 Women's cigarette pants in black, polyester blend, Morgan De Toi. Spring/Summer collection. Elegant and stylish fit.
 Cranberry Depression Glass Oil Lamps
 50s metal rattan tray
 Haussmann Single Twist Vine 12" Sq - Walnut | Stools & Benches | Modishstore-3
---
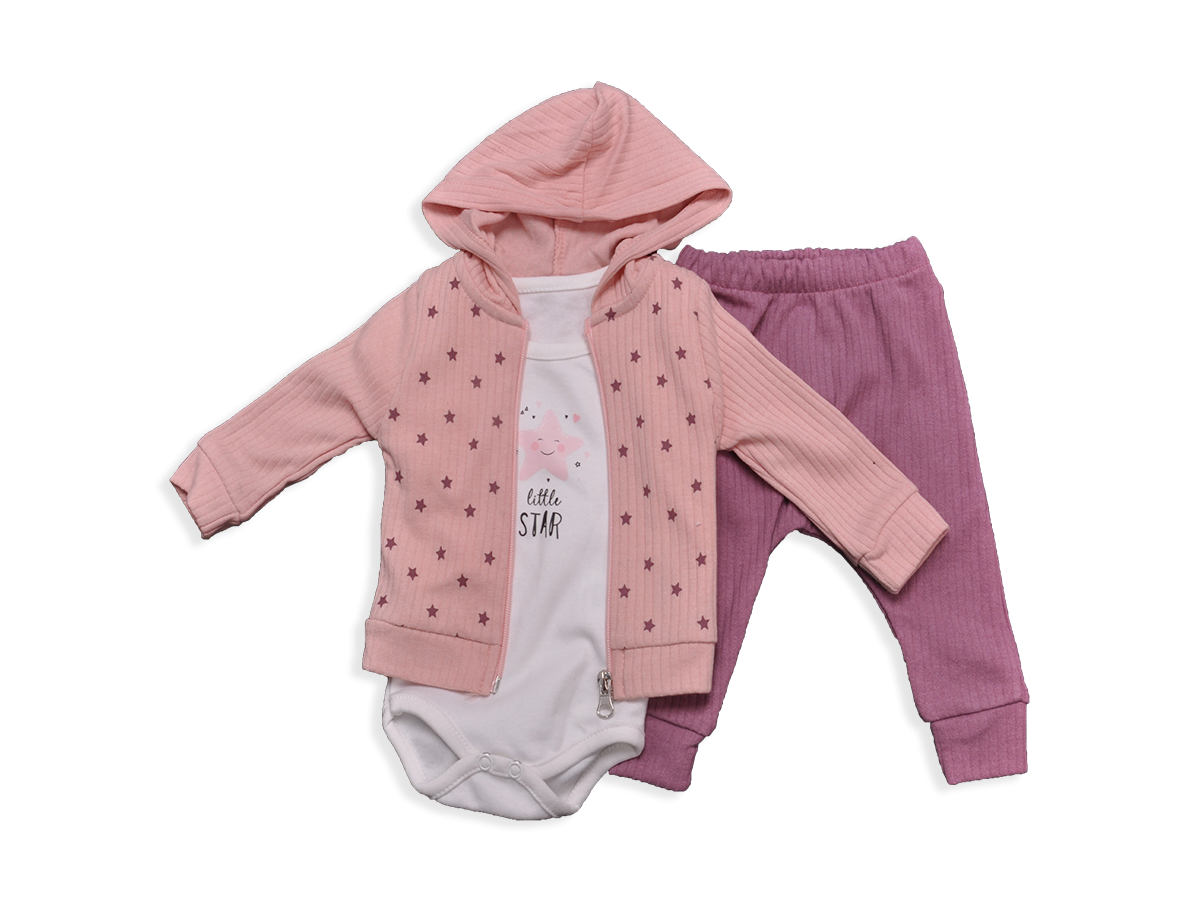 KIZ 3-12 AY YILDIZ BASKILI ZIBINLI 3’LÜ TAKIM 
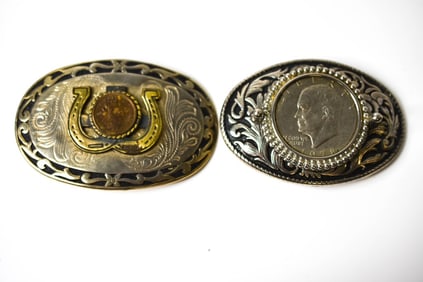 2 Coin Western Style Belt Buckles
--
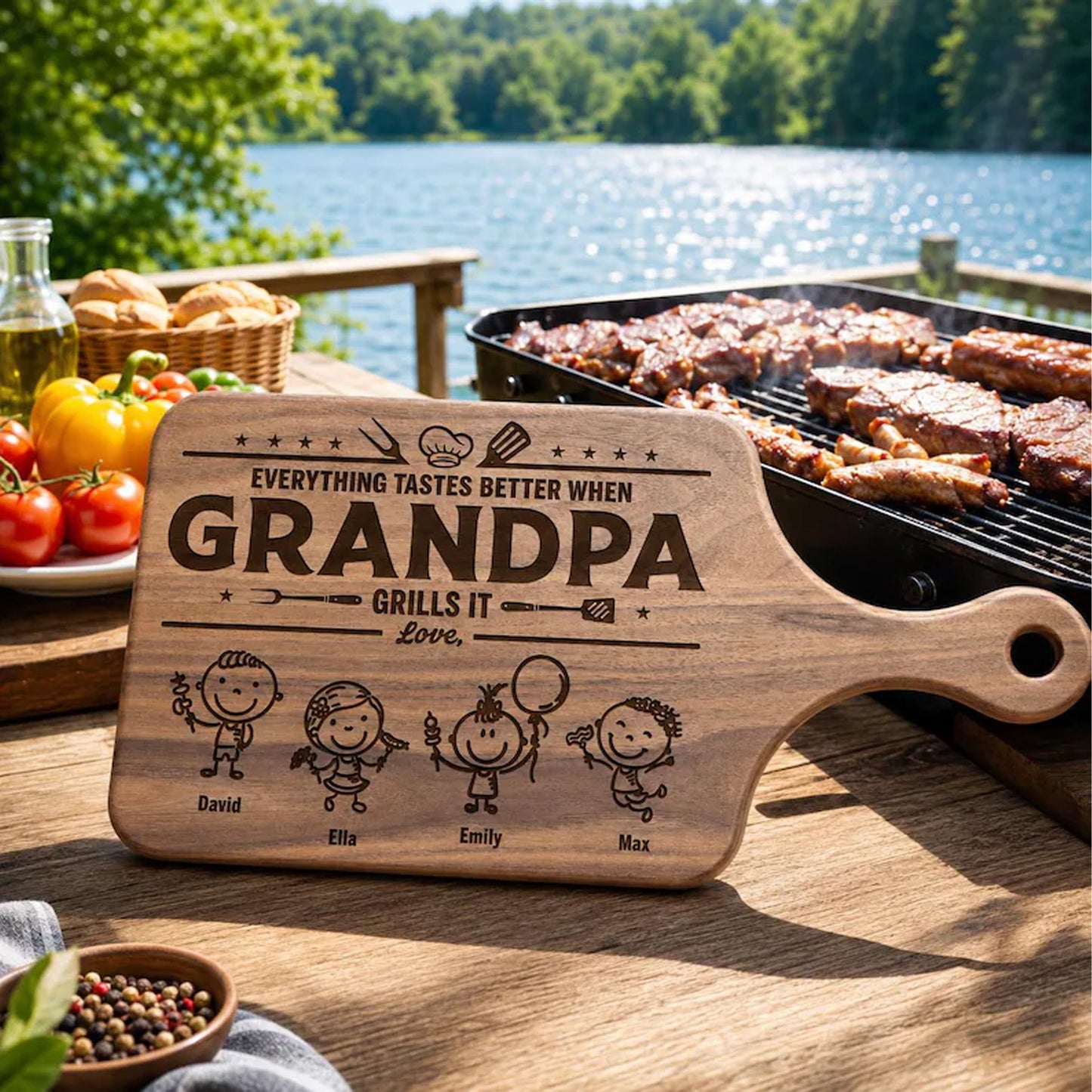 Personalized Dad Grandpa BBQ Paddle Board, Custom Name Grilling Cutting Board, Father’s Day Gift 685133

:: About this exercise ::
Copy out the lines above exactly, beginning at the one that contains "Women's cigarette pants" and ending at the one that contains "Haussmann Single Twist".

:: Result of the exercise ::
 Women's cigarette pants in black, polyester blend, Morgan De Toi. Spring/Summer collection. Elegant and stylish fit.
 Cranberry Depression Glass Oil Lamps
 50s metal rattan tray
 Haussmann Single Twist Vine 12" Sq - Walnut | Stools & Benches | Modishstore-3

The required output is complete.